■ Exercise details:
Write each entry out again verbatim, pictures excluded.

Saved entries:
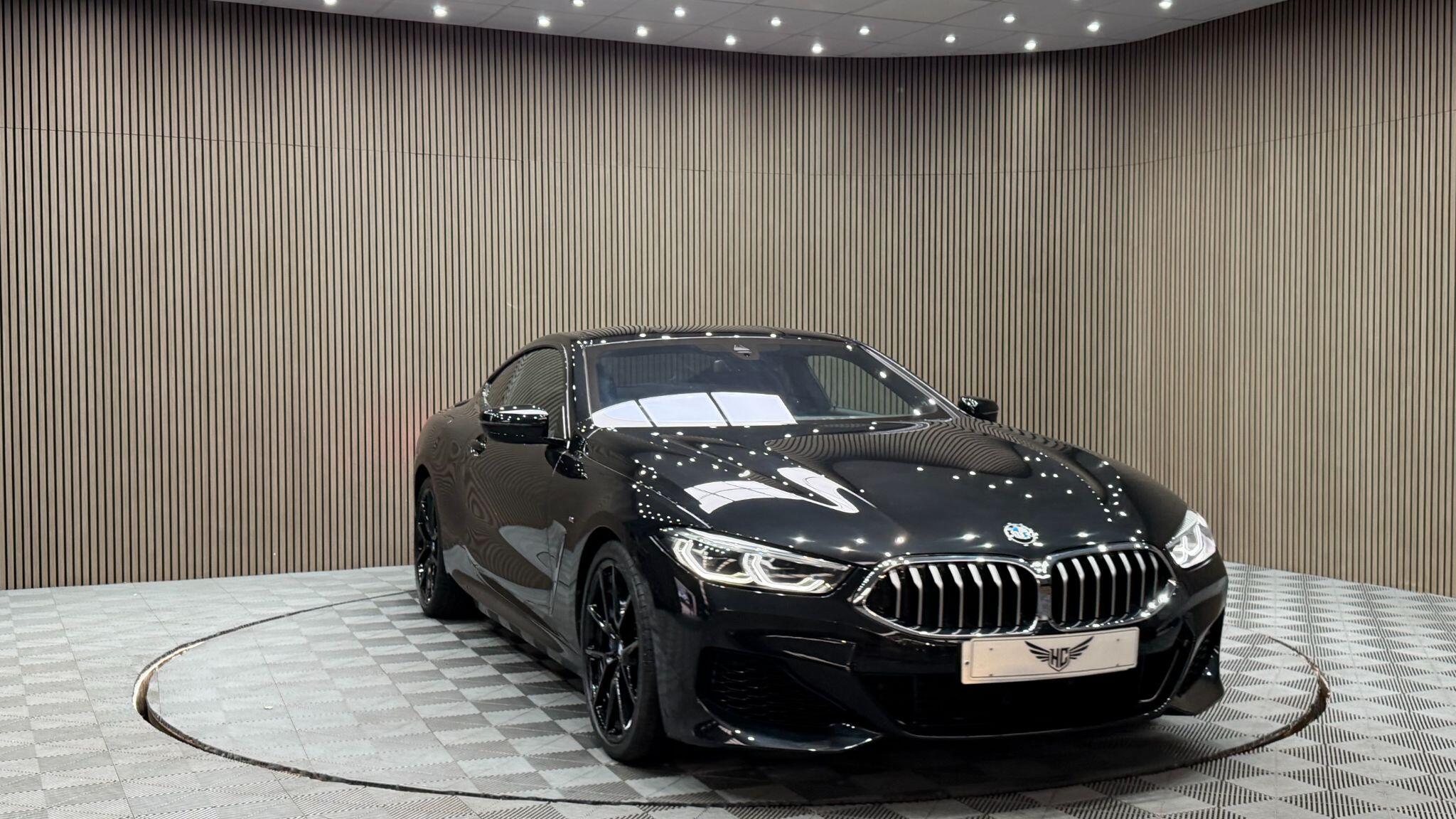 BMW 8 Series view 35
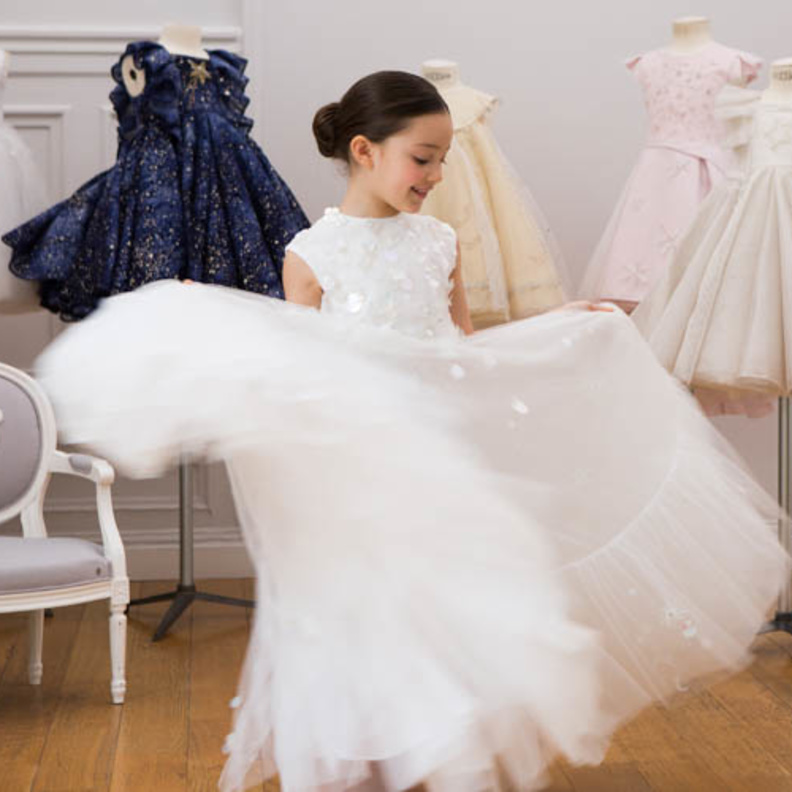 Baby Dior رحلة ساحرة على خطى النجوم وعالم السيرك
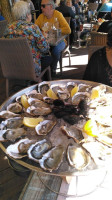 Le Petit Bouzigues food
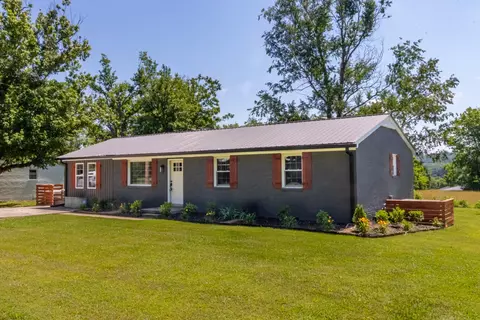 912 Turner Dr, Hartsville, TN 37074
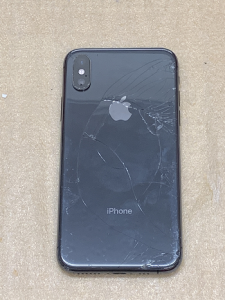 iPhone Repair ガラス割れ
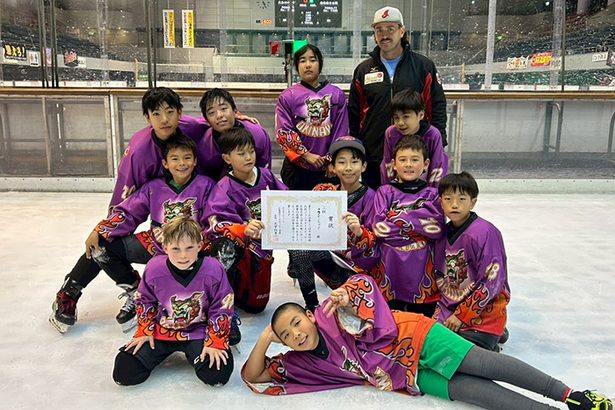 中学生沖縄・熊本合同3位 アイスホッケージュニア 小学生も3位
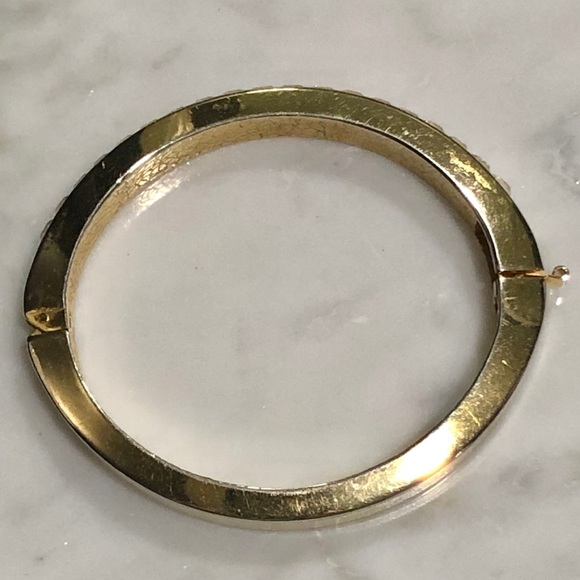 Channel Set Rhinestone Bracelet - Picture 4 of 8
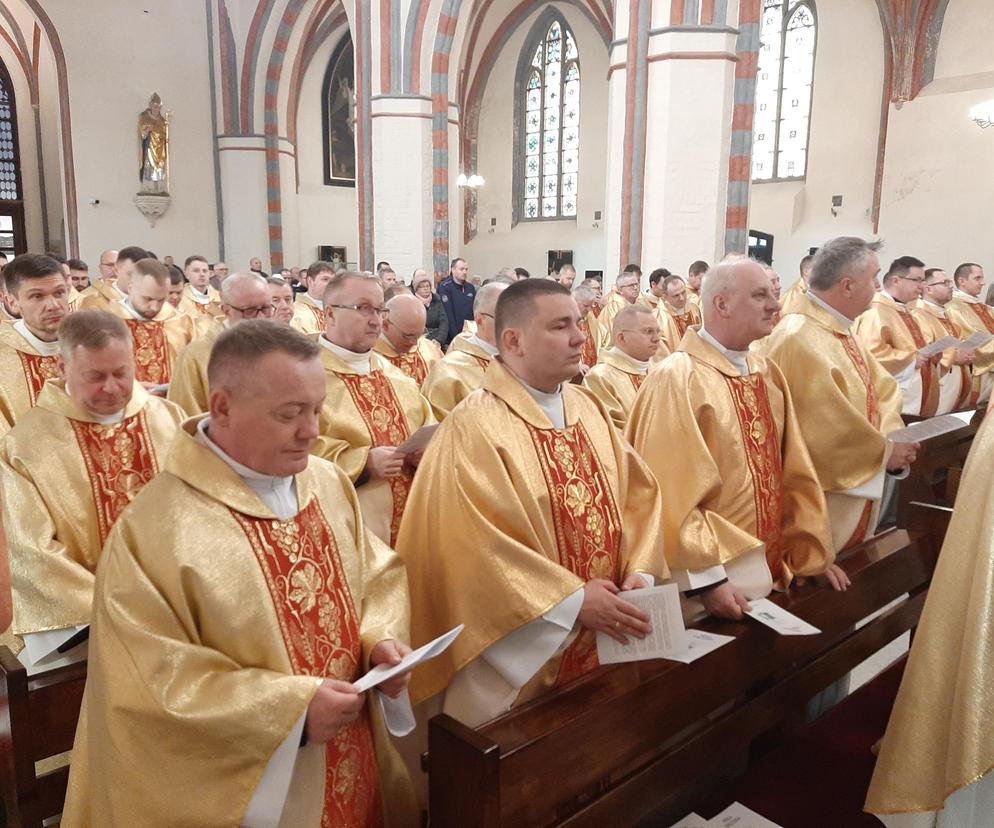 Wielu księży z diecezji koszalińsko-kołobrzeskiej przyjechało do Koszalina na Mszę Krzyżma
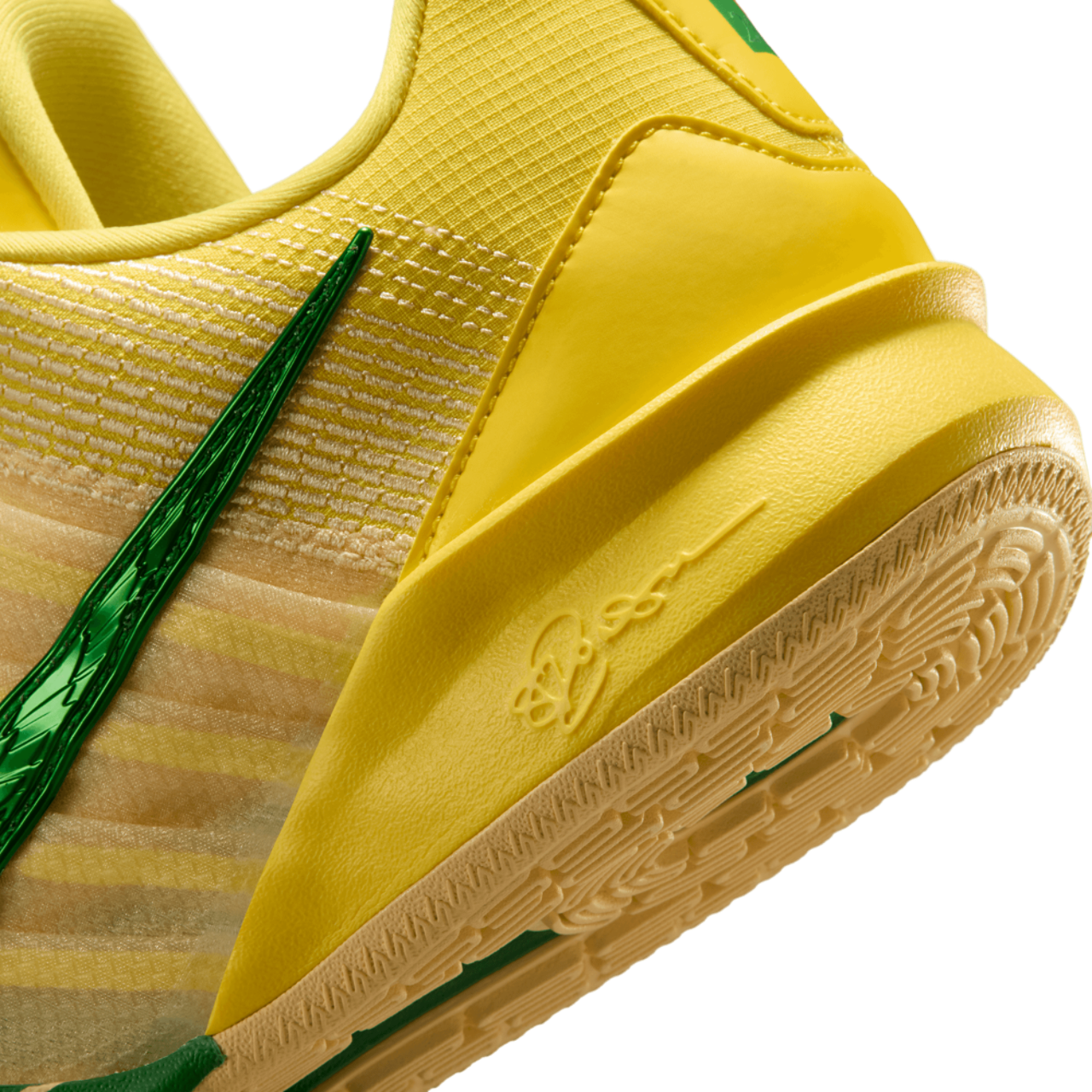 Nike Sabrina 3 Image 8 of 8. Tap to open photo gallery.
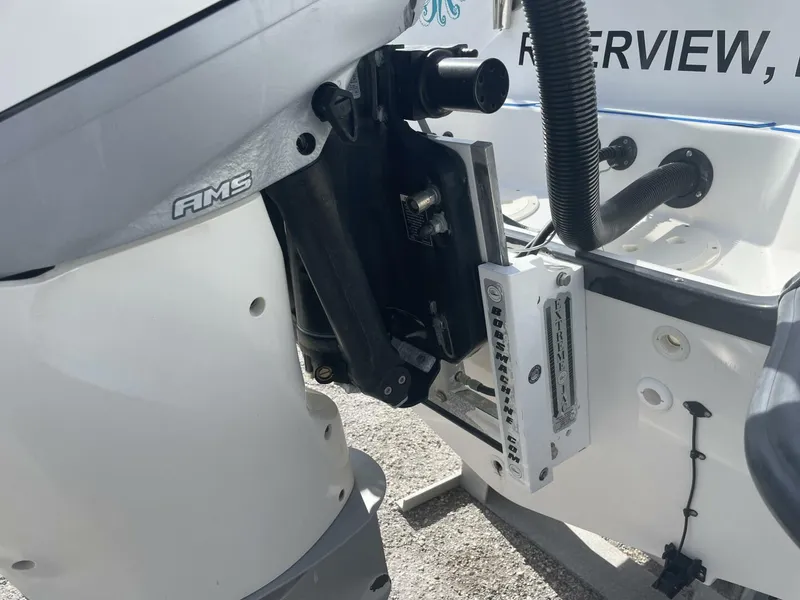 Slide: The Image of Boston Whaler 230 Vantage 2015 - 5850697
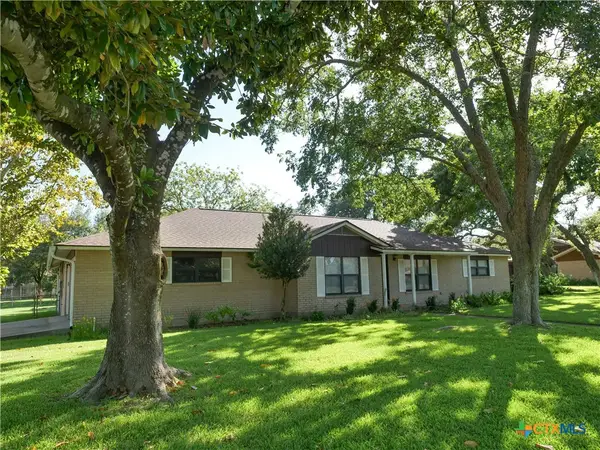 1209 E Morgan, Cuero, TX 77954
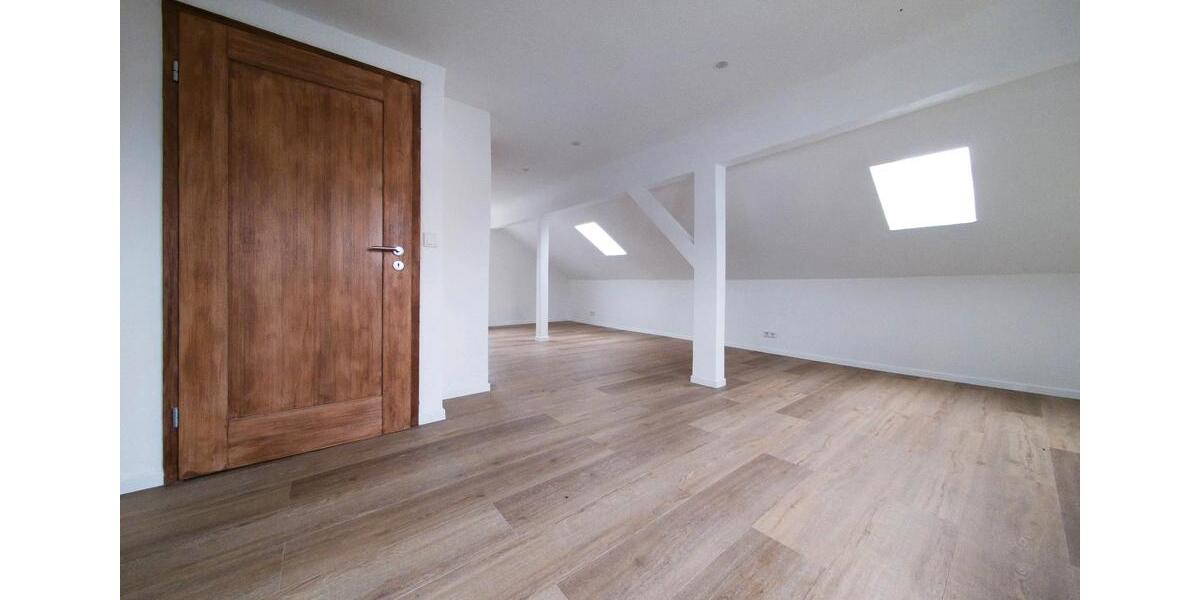 Einfamilienhaus Ernsgaden - 6 Zimmer, 157 m&sup2;, 1.500&euro; | Angebot:25442073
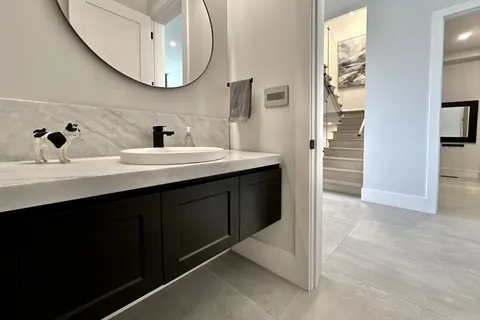 391 Codrington Street, ON L4M 1S9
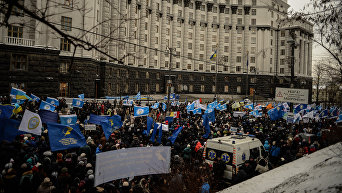 Федерация профсоюзов Украины проводит митинг у Рады с требованием снизить тарифы ЖКХ
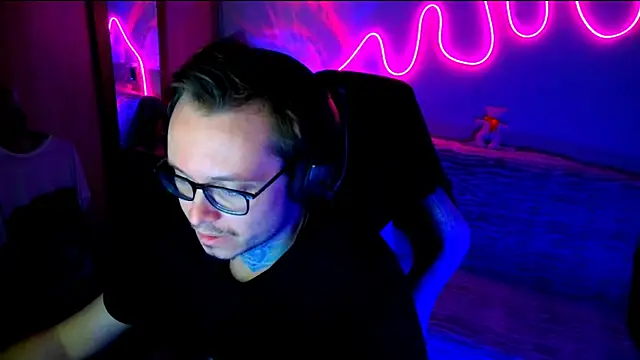 MeLanXolik online show from 29, 5, 2026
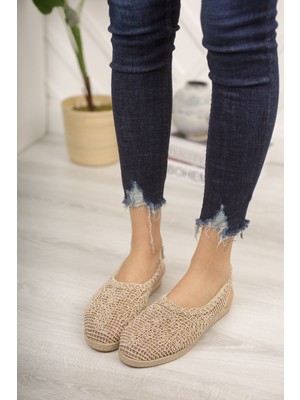 Shemard Wervay Beyaz Fiyonklu Püsküllü Kadın Babet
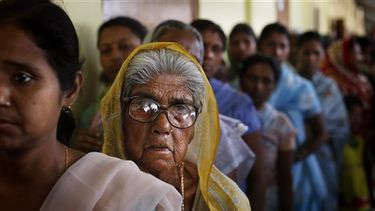 Una fila de electores espera por ejercer su derecho al voto. Foto: AP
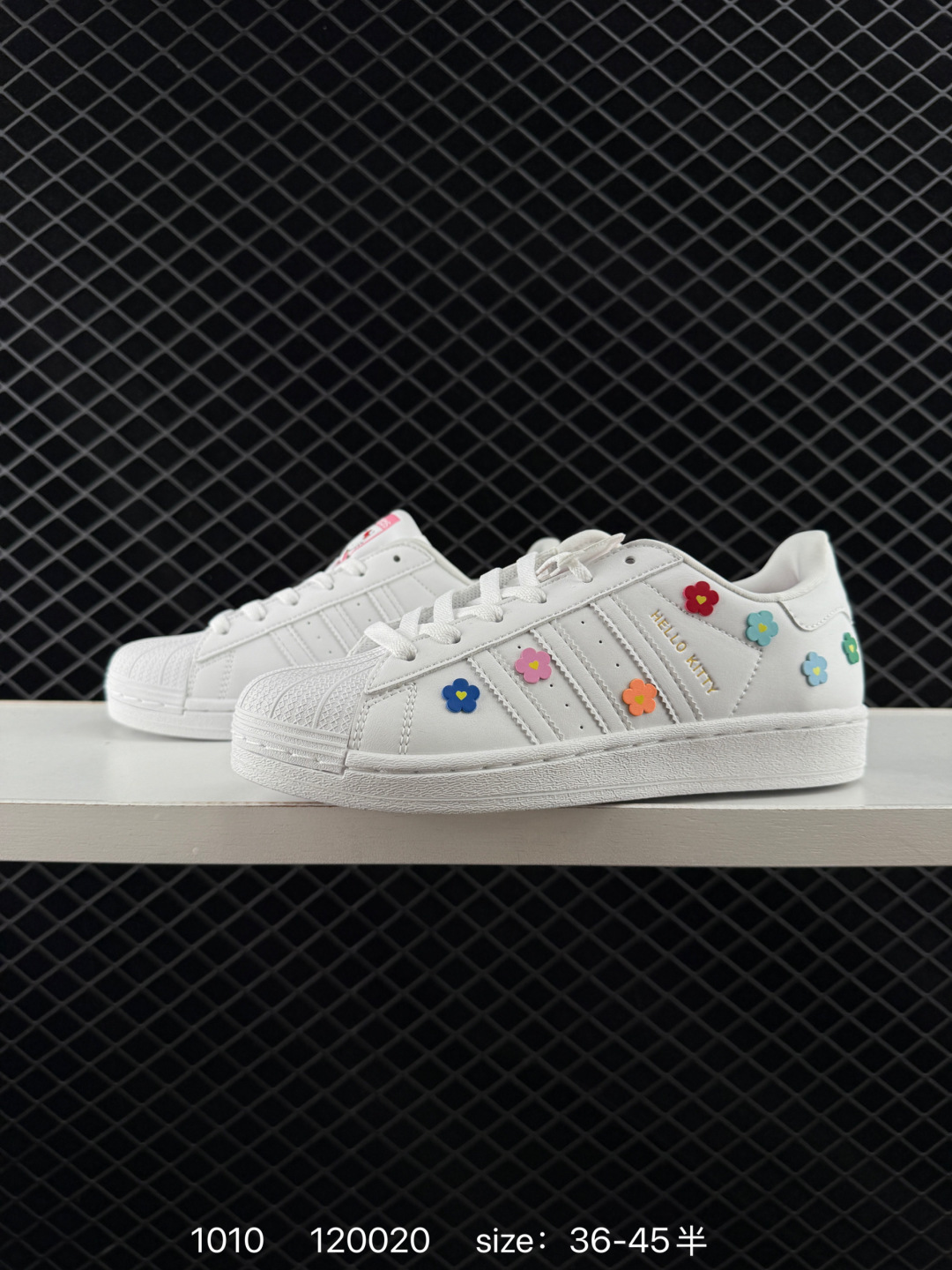 Hello Kitty/ x adidas originals SUPERSTAR ID7279 120020 — Premium Replica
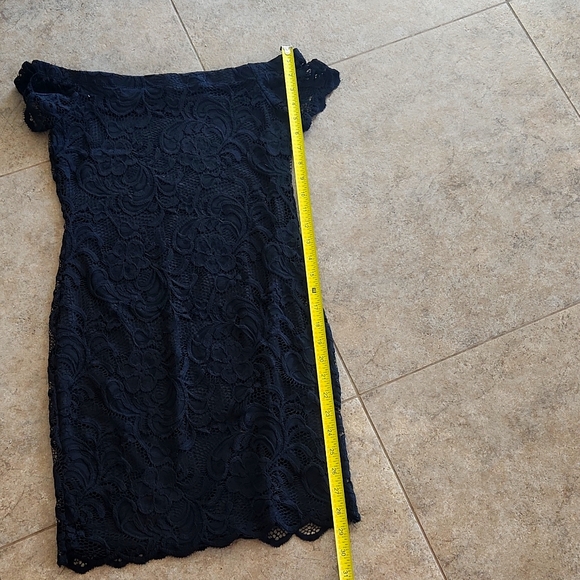 Lace Mini dress - Picture 5 of 8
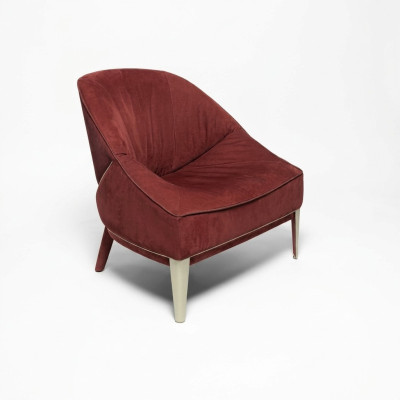 Roter Designer Sessel Holzfüße Stoffsessel Einsitzer Wohnzimmer Möbel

■ Exercise answer:
 BMW 8 Series view 35
 Baby Dior رحلة ساحرة على خطى النجوم وعالم السيرك
 Le Petit Bouzigues food
 912 Turner Dr, Hartsville, TN 37074
 iPhone Repair ガラス割れ
 中学生沖縄・熊本合同3位 アイスホッケージュニア 小学生も3位
 Channel Set Rhinestone Bracelet - Picture 4 of 8
 Wielu księży z diecezji koszalińsko-kołobrzeskiej przyjechało do Koszalina na Mszę Krzyżma
 Nike Sabrina 3 Image 8 of 8. Tap to open photo gallery.
 Slide: The Image of Boston Whaler 230 Vantage 2015 - 5850697
 1209 E Morgan, Cuero, TX 77954
 Einfamilienhaus Ernsgaden - 6 Zimmer, 157 m&sup2;, 1.500&euro; | Angebot:25442073
 391 Codrington Street, ON L4M 1S9
 Федерация профсоюзов Украины проводит митинг у Рады с требованием снизить тарифы ЖКХ
 MeLanXolik online show from 29, 5, 2026
 Shemard Wervay Beyaz Fiyonklu Püsküllü Kadın Babet
 Una fila de electores espera por ejercer su derecho al voto. Foto: AP
 Hello Kitty/ x adidas originals SUPERSTAR ID7279 120020 — Premium Replica
 Lace Mini dress - Picture 5 of 8
 Roter Designer Sessel Holzfüße Stoffsessel Einsitzer Wohnzimmer Möbel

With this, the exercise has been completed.